The North East has experienced a jolt from the impact of the recession and although the worst may have now passed, a number of shops remain empty in Eldon Square.
The Bank of England has acted quickly to help support the UK economy in a number of ways and interest rates have been cut to historically low levels. The Government also took the decision to reduce the rate of VAT to 15%. Although the cut was certainly welcome for high street spenders, it has not stimulated the additional demand initially expected.
The change also put pressure on retailers to change prices and reprogramme tills and this can be a costly process. It is likely that these measures will remain in place for the time being to encourage and support any green shoots of recovery.

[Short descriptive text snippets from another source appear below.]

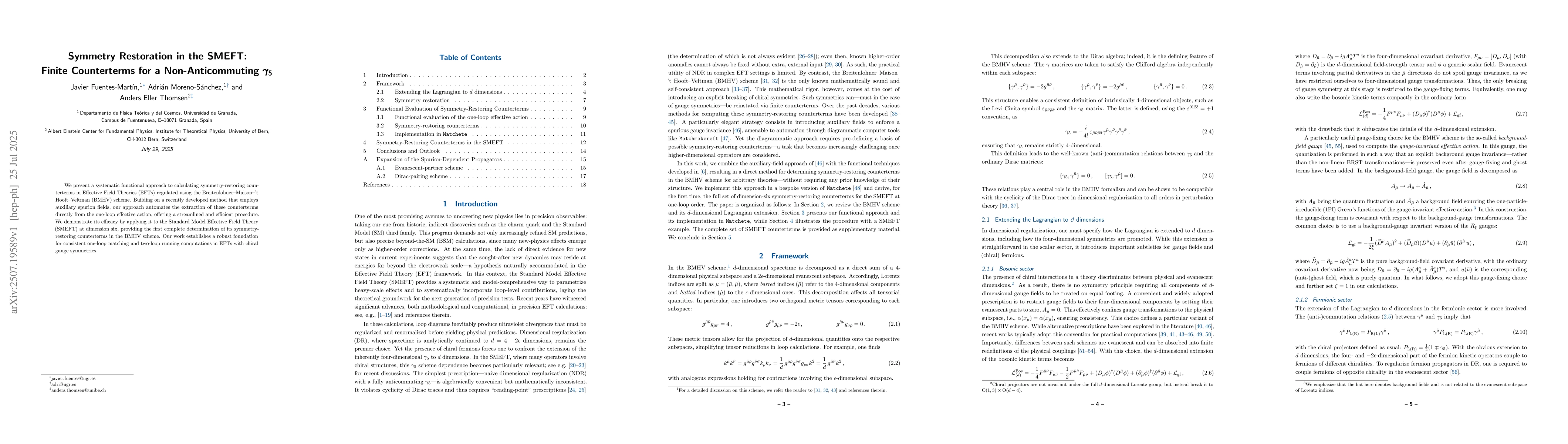 Thumbnail for Symmetry Restoration in the SMEFT: Finite Counterterms for a
  Non-Anticommuting $γ_5$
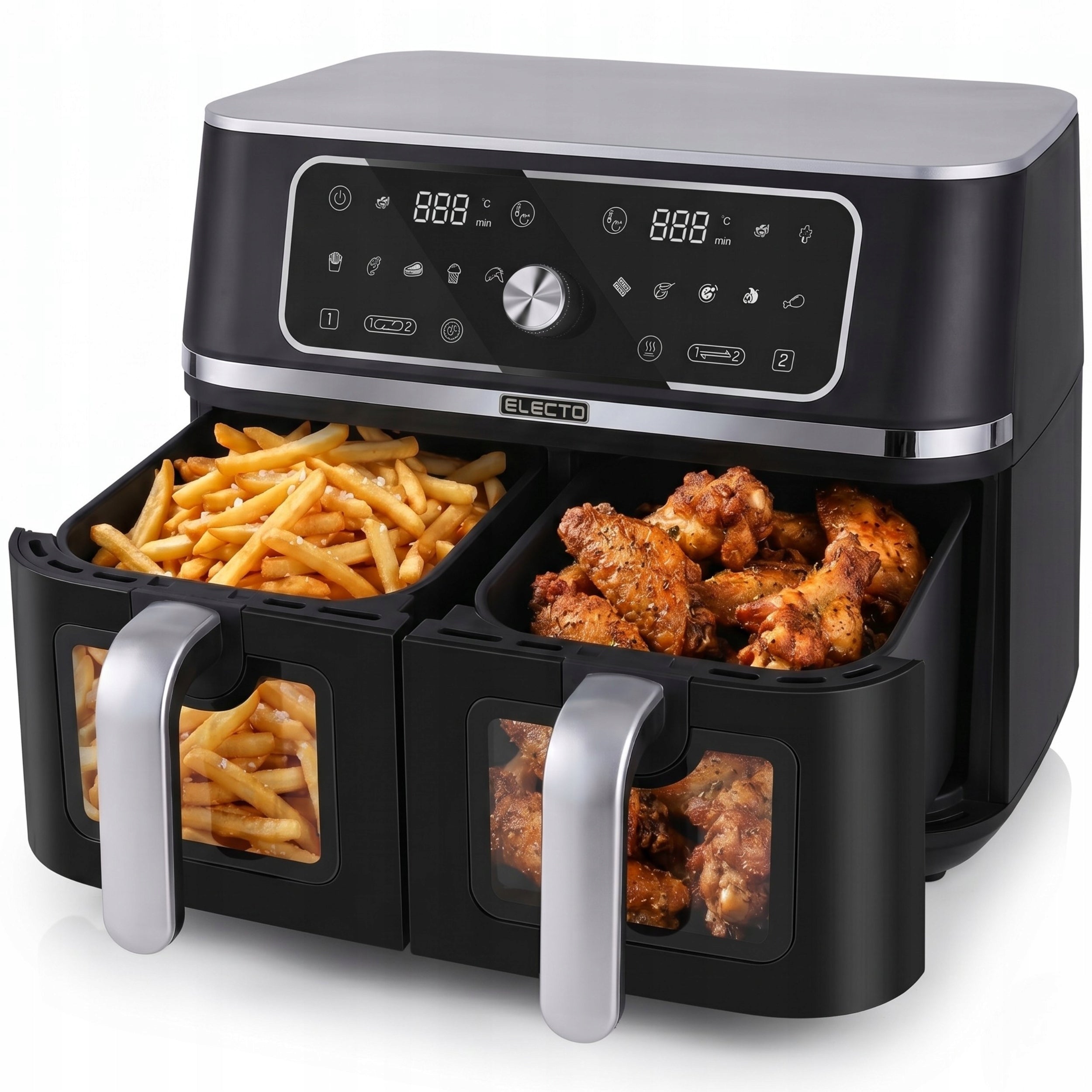 FAT-FREE TWO-CHAMBER AIR FRYER 3100W LARGE AIR FRYER 10L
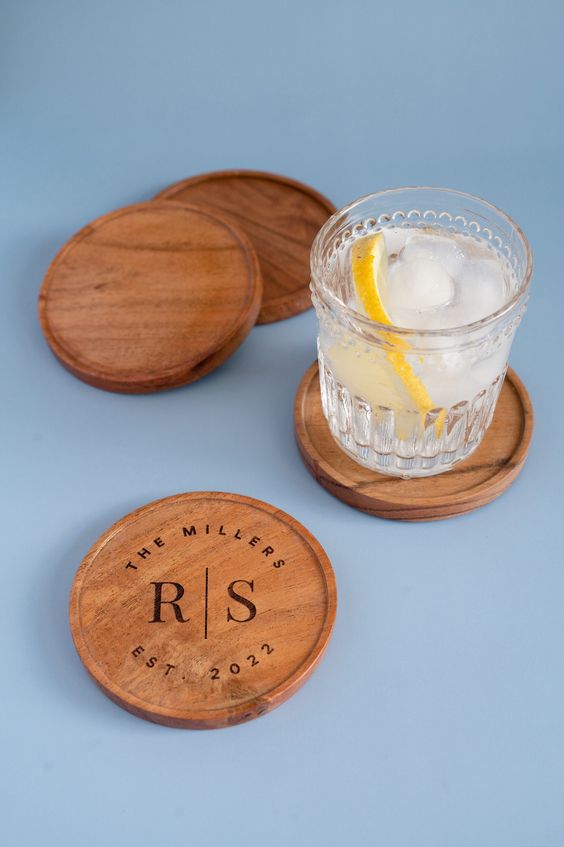 Custom made wooden coasters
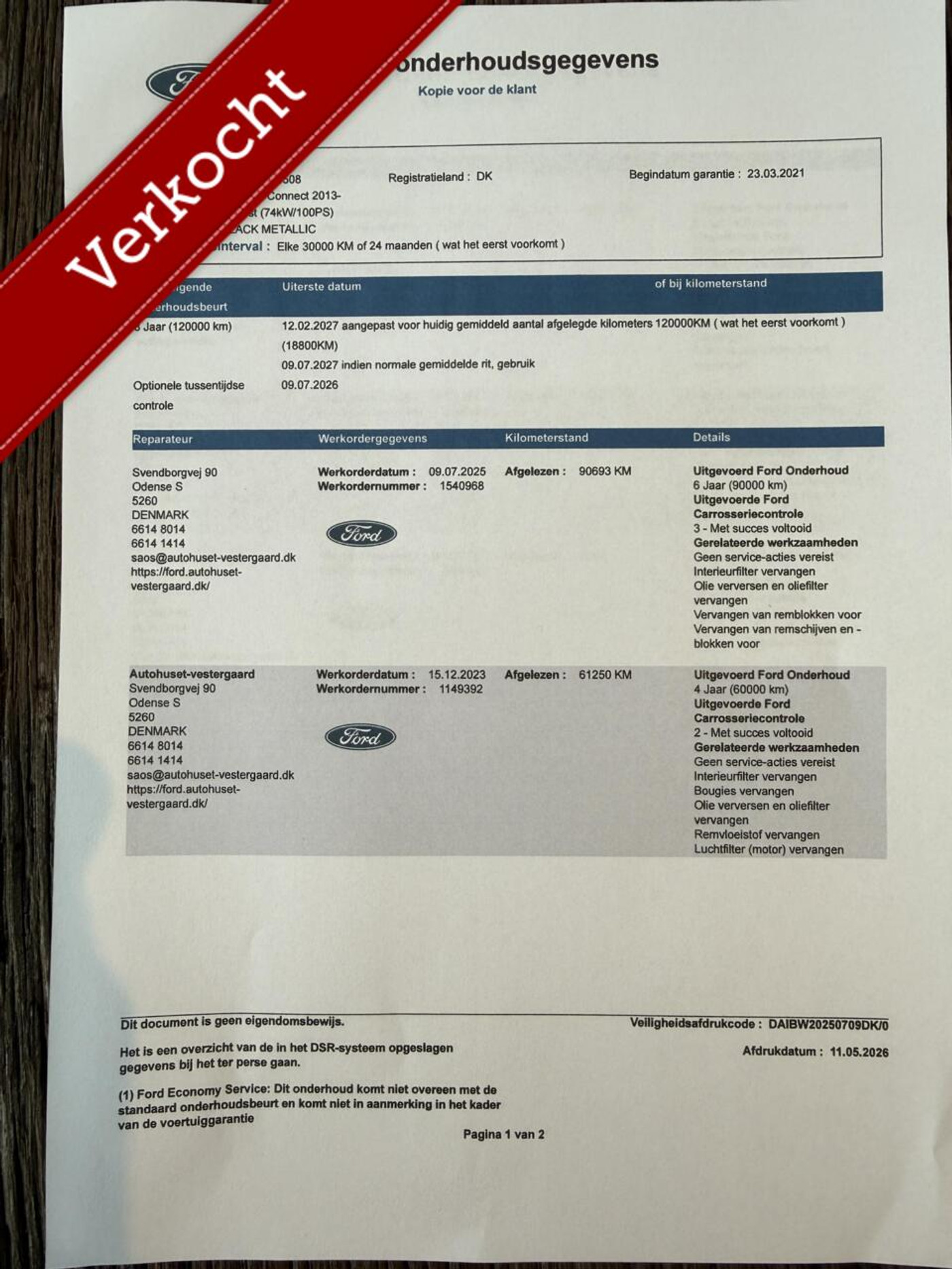 Foto van Ford Transit Connect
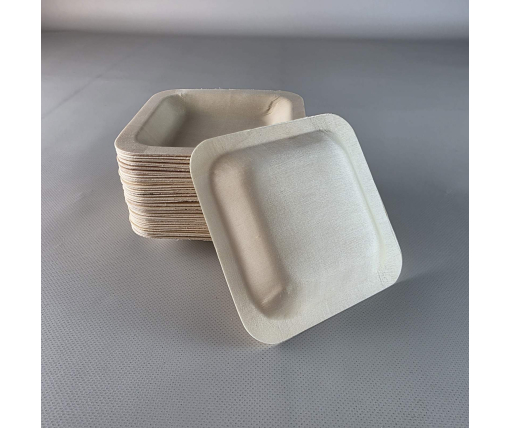 Тарелка квадратная, дерево, 114х114х15 мм, (100) (100 шт)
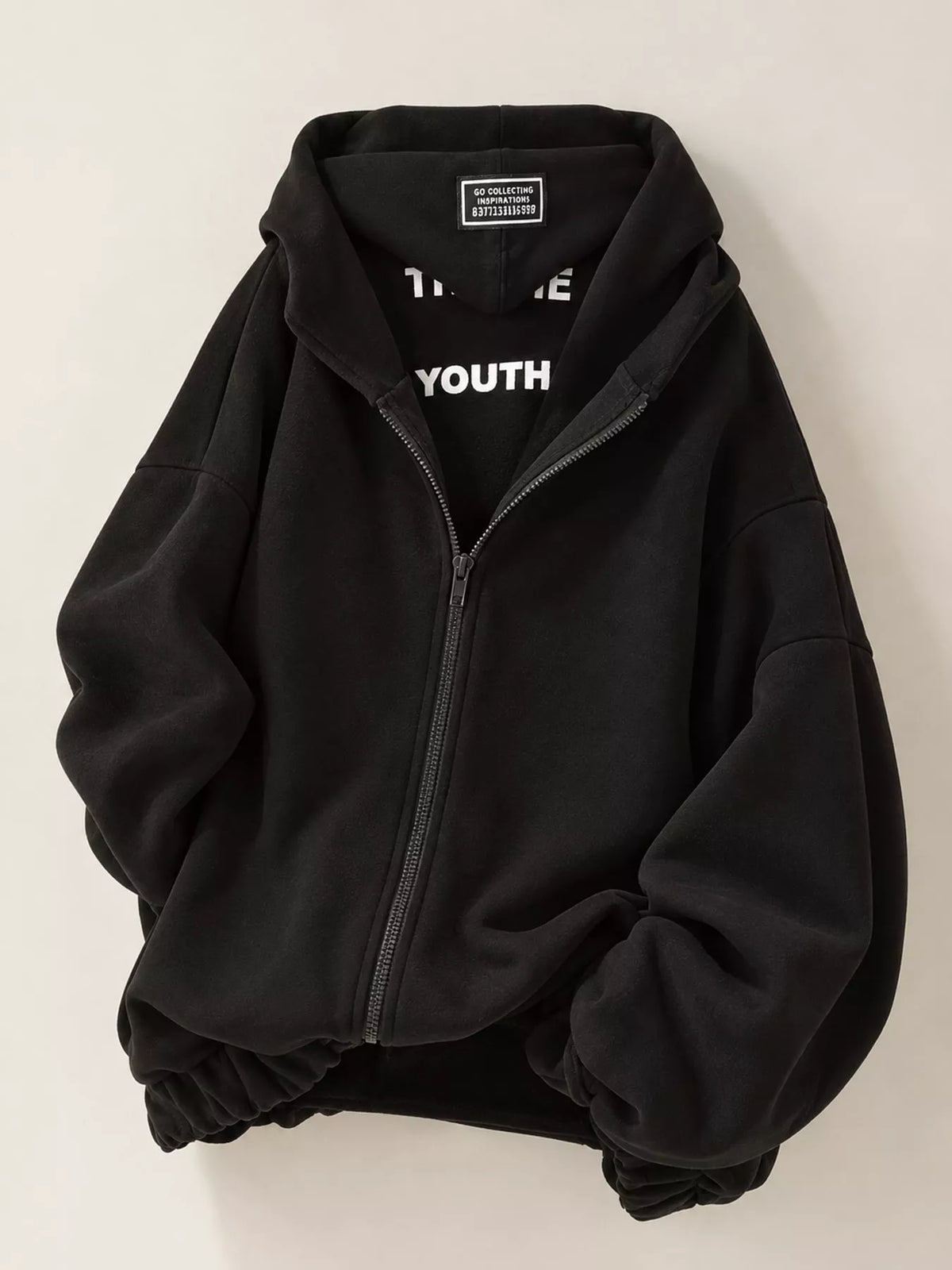 Black oversized zip-up hoodie
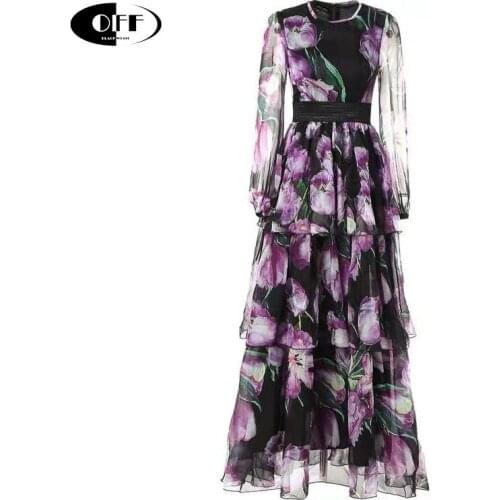 Spring Runway Elegant Maxi Dresses Womens Long Sleeve Vintage Tiered Tulip Floral Printed Ruffles Holiday Beach Long Dress Robe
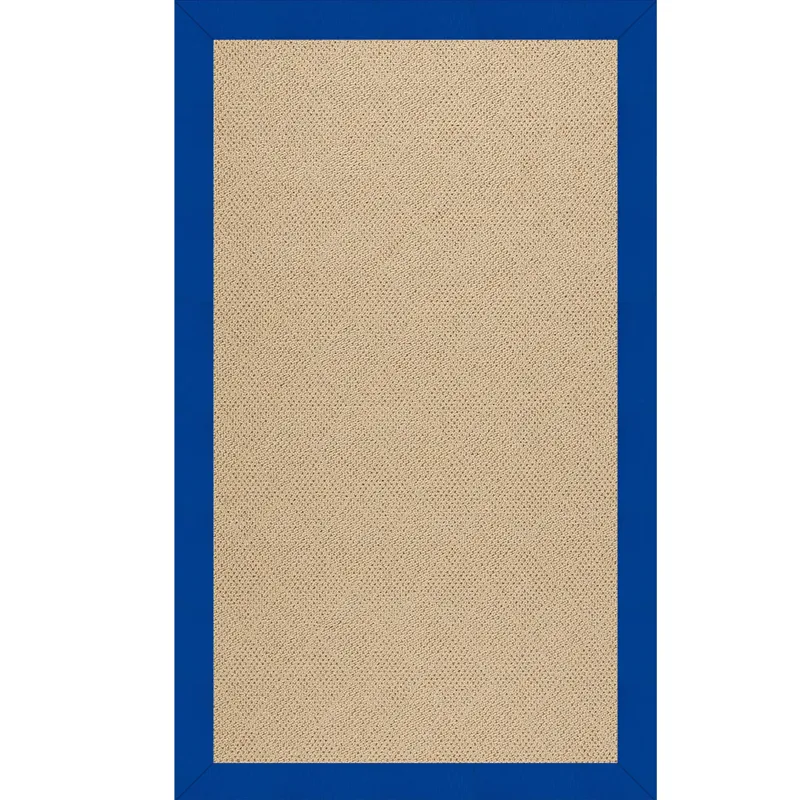 Creative Concepts-Cane Wicker Canvas Pacific Blue Rectangle Rug - 3\' x 5\'
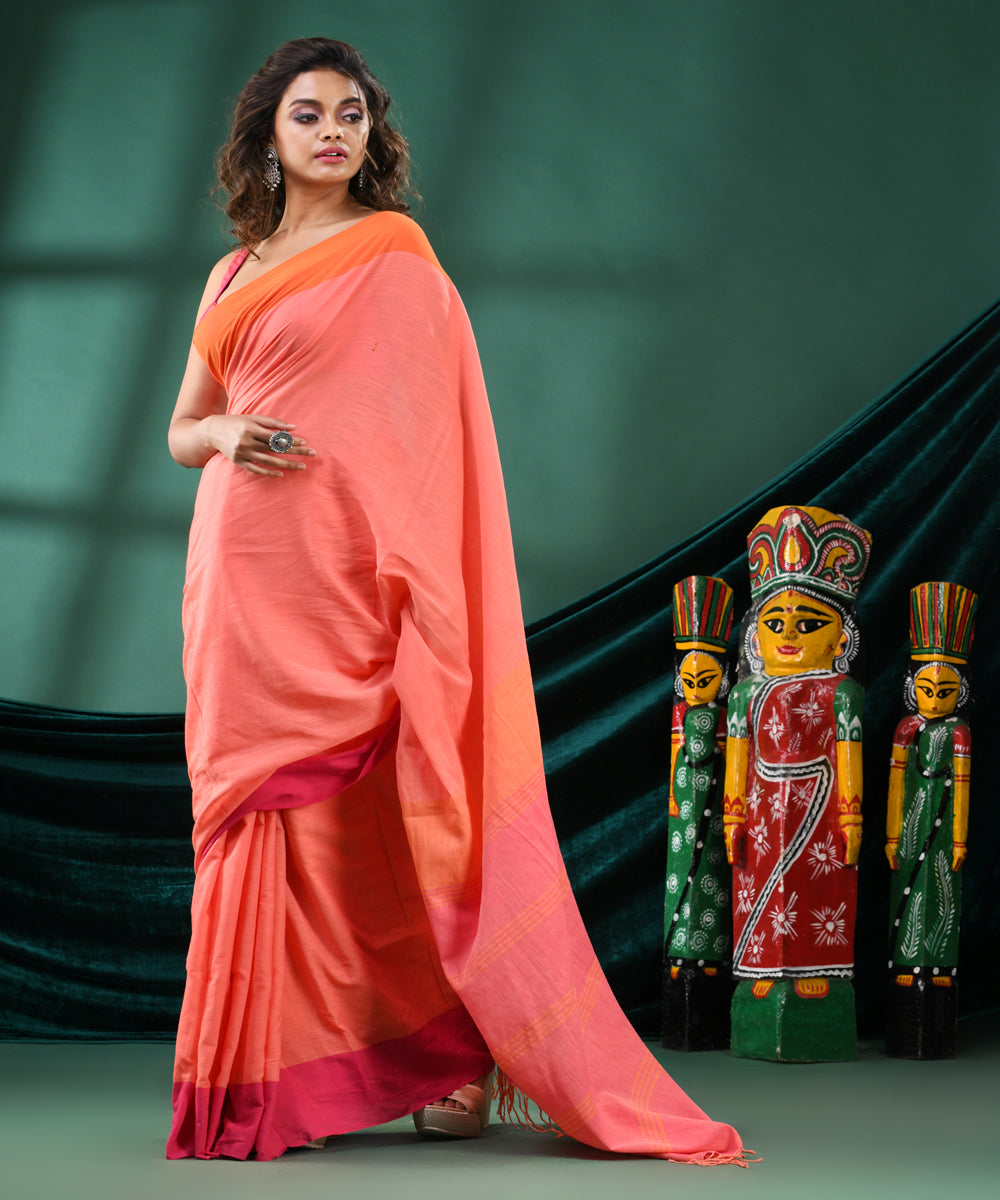 Peach red handloom cotton bengal saree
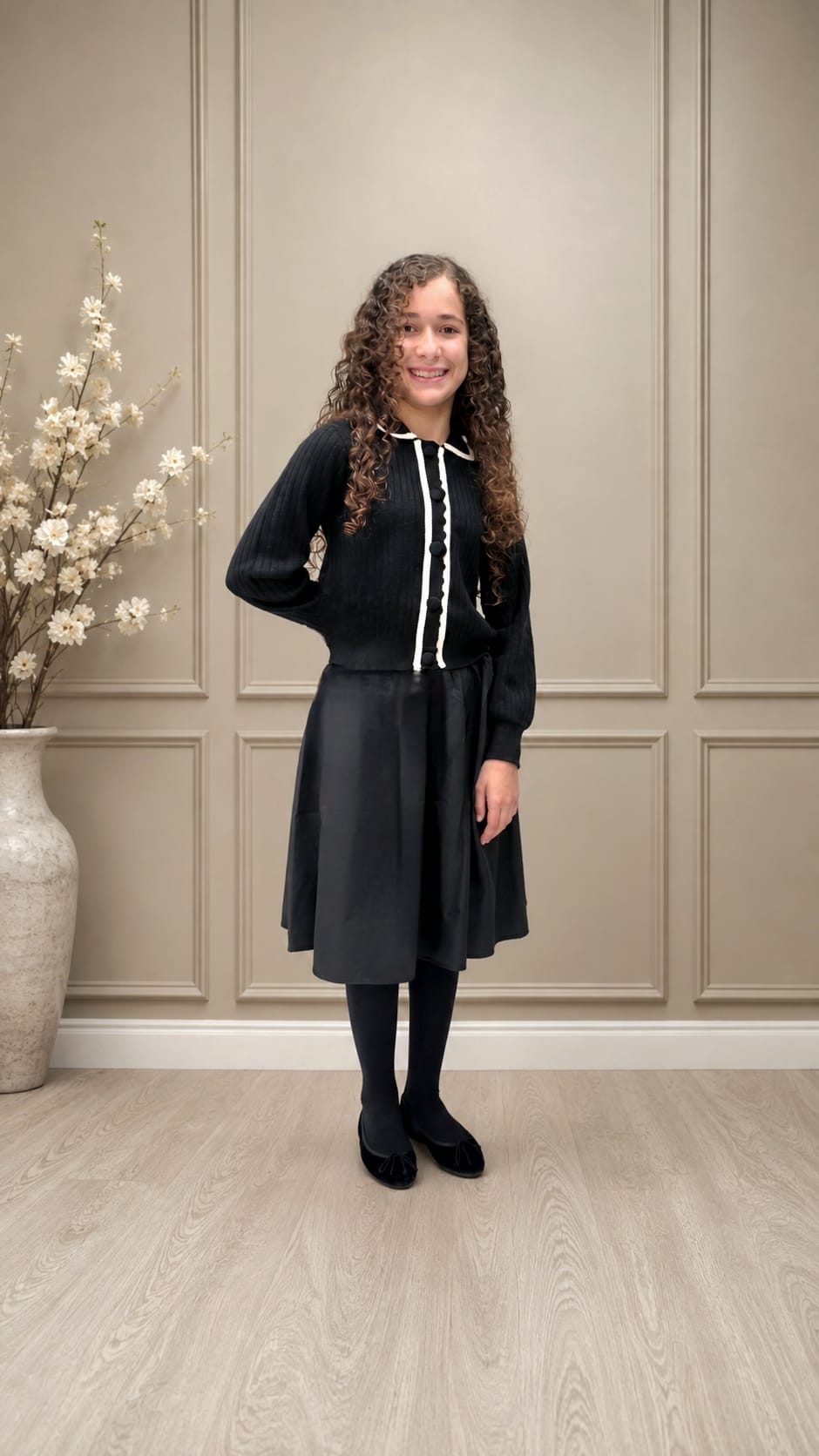 RAVE 2PC TEEN COLLARED SWEATER WITH TAFFETA PUFFY SKIRT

However as conditions begin to improve it is expected that VAT may be increased, possibly as early as next year.
The recession has triggered a shake out on the high street with a number of weaker retailers going into administration.
These include some long standing names such as pick and mix retailer Woolworths and furniture group MFI.
Indeed, the collapse of Woolworths also had a knock on effect on others in the industry. One of the group's divisions, Entertainment UK, distributed around 30% of music CDs in the UK, as well as film and TV DVDs. The sudden lack of supply and few alternative options led to Zavvi becoming another high profile casualty.
In these challenging times, and whilst the weak struggle, it also provides an opportunity for the strong to take market share, acquire attractive businesses at worthwhile prices and consolidate any leading position.
With this in mind, the collapse of Zavvi and Woolworths has taken significant capacity out of the market place leaving HMV as one of the only entertainment retailers left on the high street.
Its last man standing advantage has helped the group to pick up market share especially in the computer games and technology side of the business. To compete with on-line retailers such as Play.com and Amazon, HMV has improved its website with great success.
The group is two years into a three-year restructuring plan to improve efficiency and reposition the business, and it appears that more initiatives may be in the pipeline.
Although the retail sector may not be out of the woods yet, it is likely that the stronger players will emerge from the downturn on a sure footing and in a good position to take advantage of opportunities in the market going forward.